Problem to work on: Word-for-word repetition of the records below is needed, but only from the line holding "Wohnung Pforzheim Weststadt" through the final line, with pictures excluded.

[Records contained in a dataset]
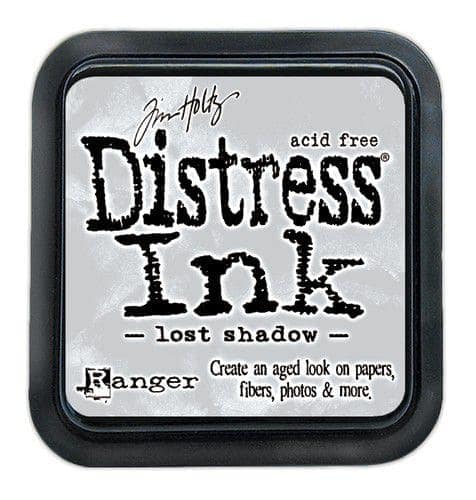 TIM82682 ranger distress inks pad lost shadow tim holtz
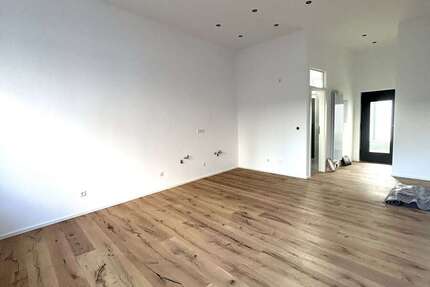 Wohnung Pforzheim Weststadt - 1 Zimmer, 40 m&sup2;, 530&euro; | Angebot:24632160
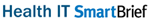 eHealth SmartBrief Logo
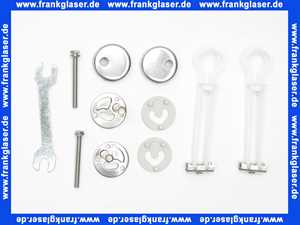 98M2S061 Villeroy & Boch Kippstrippanker Scharnier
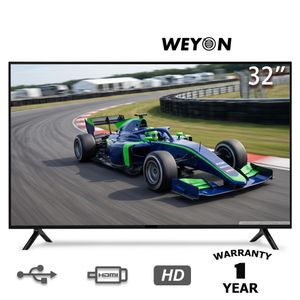 WEYON 32 Inch HD LED TV 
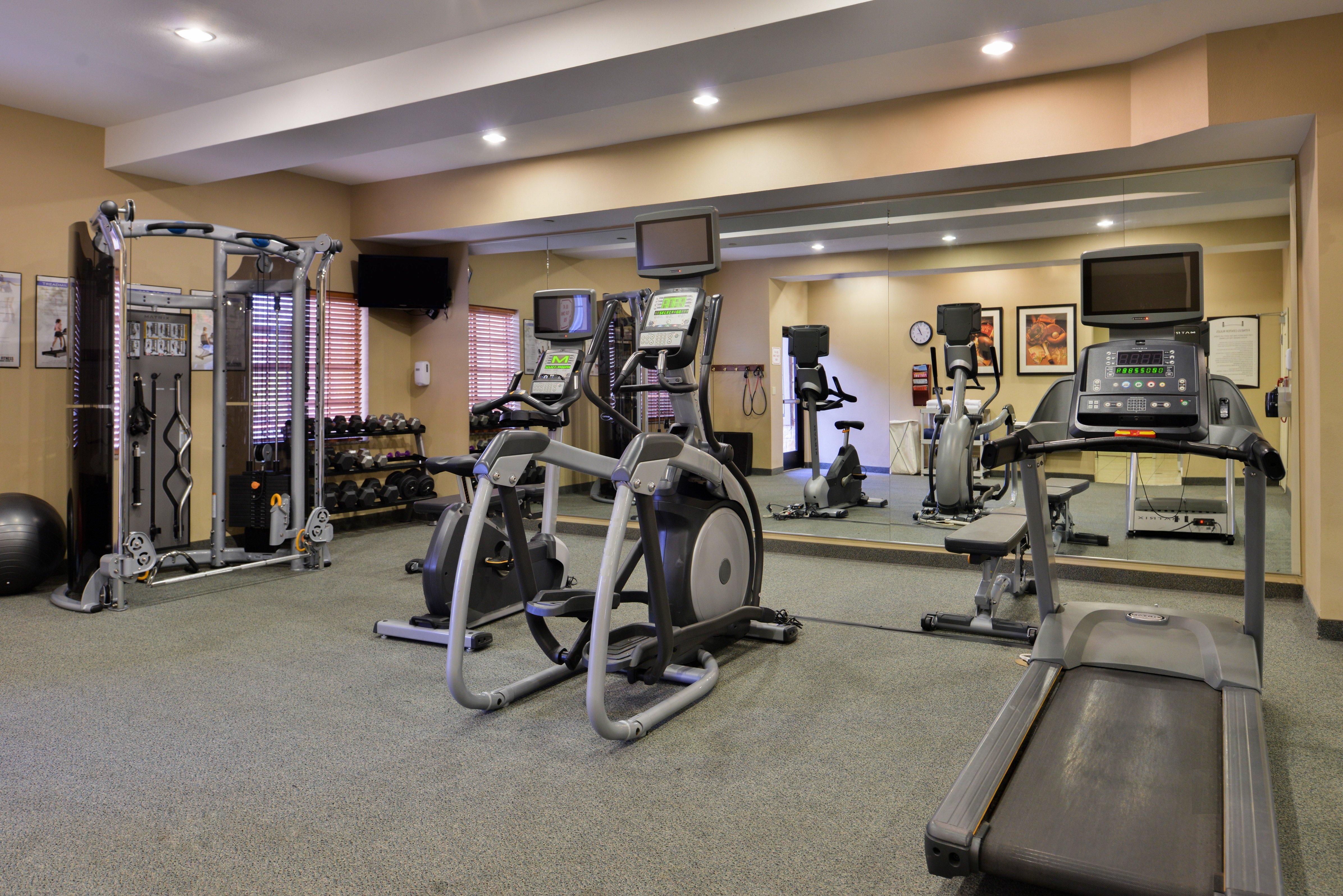 Staybridge Suites Oklahoma City By Ihg Esterno foto
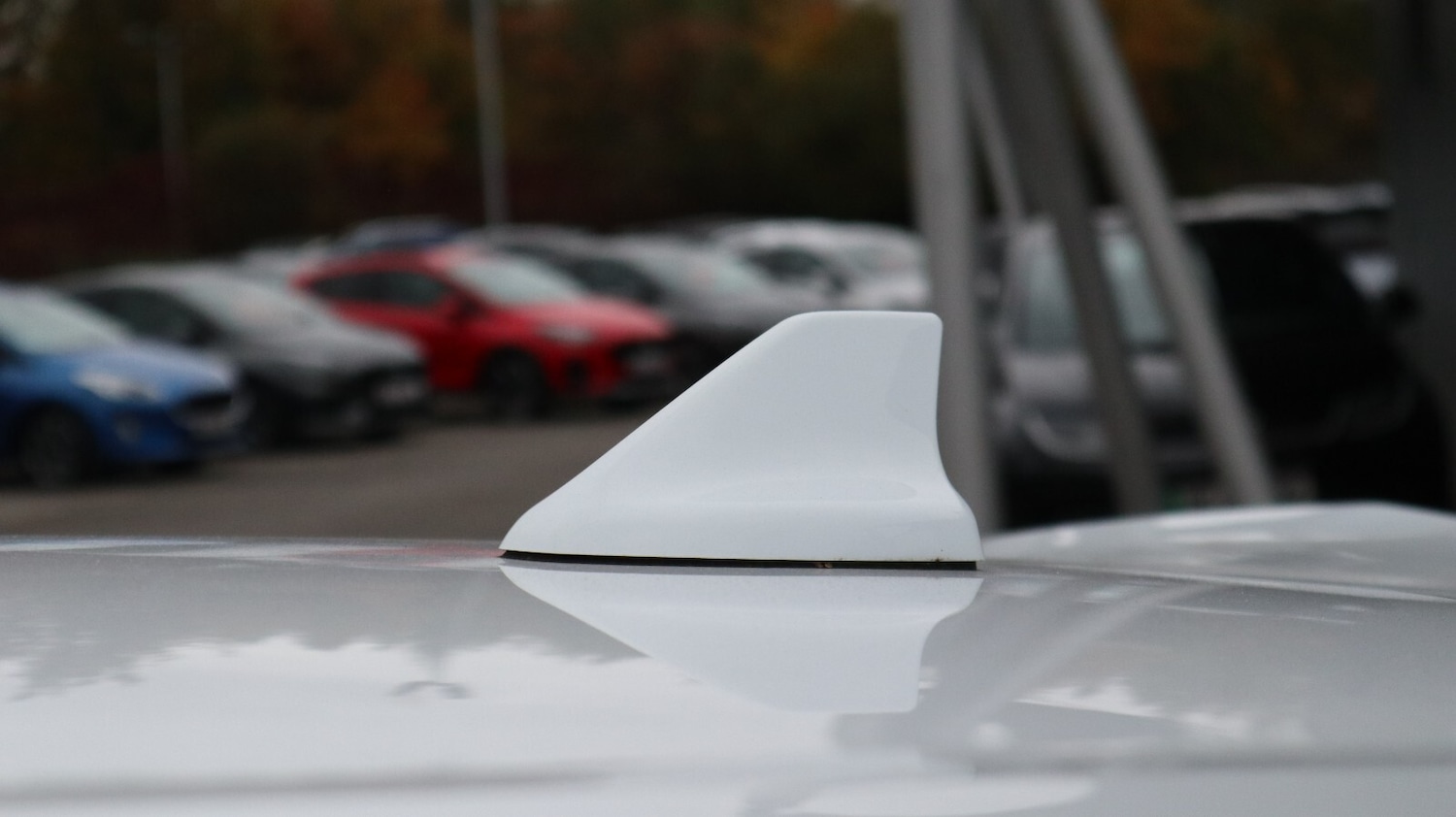 Used Ford Puma 2023 for sale - 76818258: Photo 19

Expected output:
 Wohnung Pforzheim Weststadt - 1 Zimmer, 40 m&sup2;, 530&euro; | Angebot:24632160
 eHealth SmartBrief Logo
 98M2S061 Villeroy & Boch Kippstrippanker Scharnier
 WEYON 32 Inch HD LED TV 
 Staybridge Suites Oklahoma City By Ihg Esterno foto
 Used Ford Puma 2023 for sale - 76818258: Photo 19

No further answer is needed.